(Scraped caption text data)
● ● ●

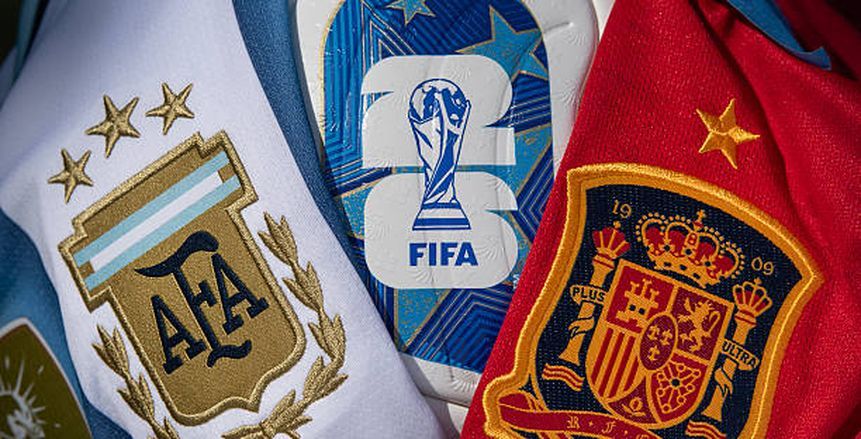 لحظة بلحظة لمباراة إسبانيا والأرجنتين (0-0) في نهائي كأس العالم 2026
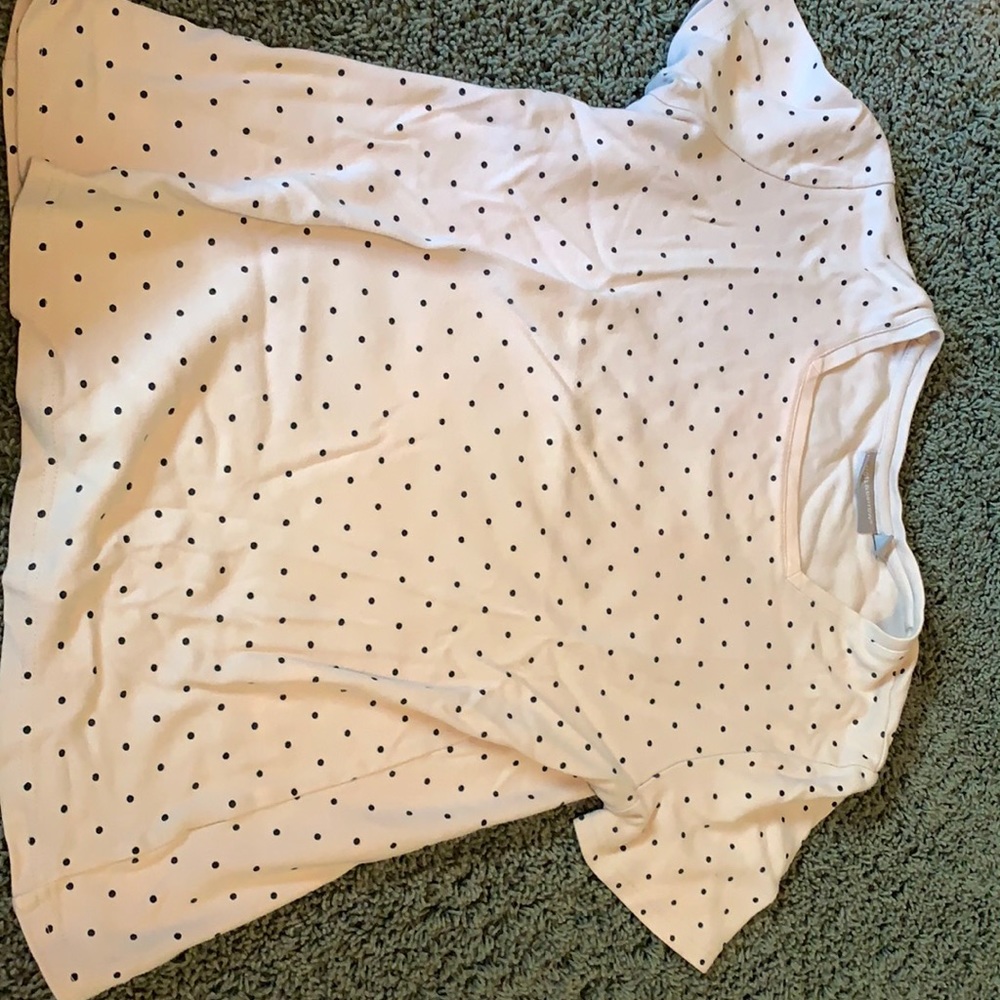 Shirt short sleeves
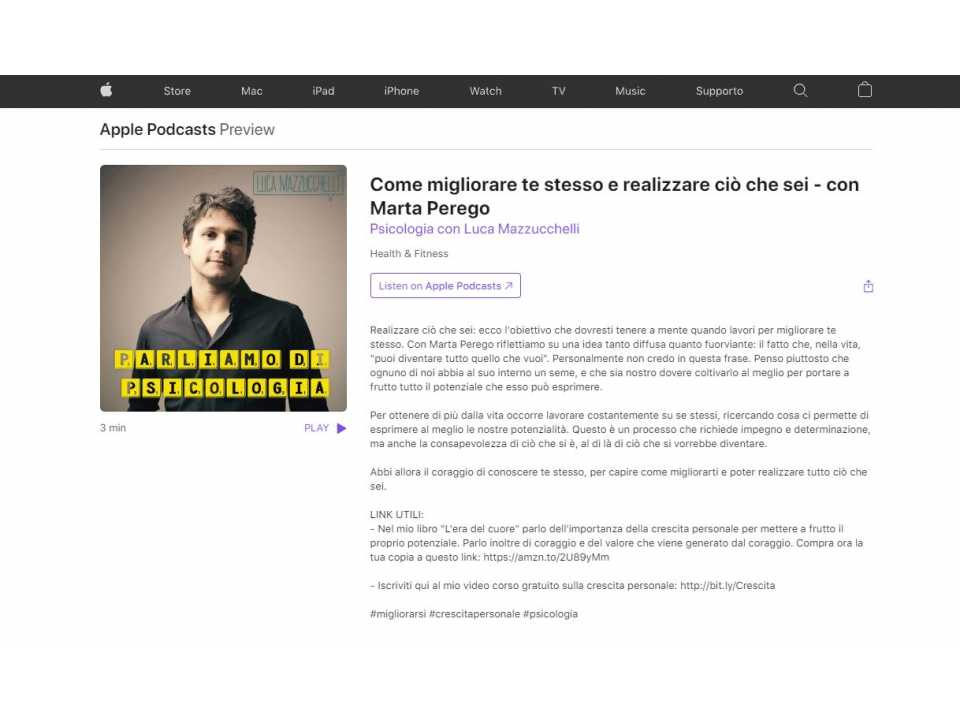 AGGIORNAMENTO PERMANENTEIN PRESENZA
Il coraggio della determinazione, la forza della motivazione: incontro con Annalisa Minetti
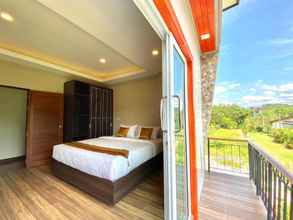 Kamar Tidur 4 Blue Aura Pool Villa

● ● ●

> Exercise prompt
Letter for letter, reproduce every record above and skip the pictures.

> Response area
 لحظة بلحظة لمباراة إسبانيا والأرجنتين (0-0) في نهائي كأس العالم 2026
 Shirt short sleeves
 AGGIORNAMENTO PERMANENTEIN PRESENZA
Il coraggio della determinazione, la forza della motivazione: incontro con Annalisa Minetti
 Kamar Tidur 4 Blue Aura Pool Villa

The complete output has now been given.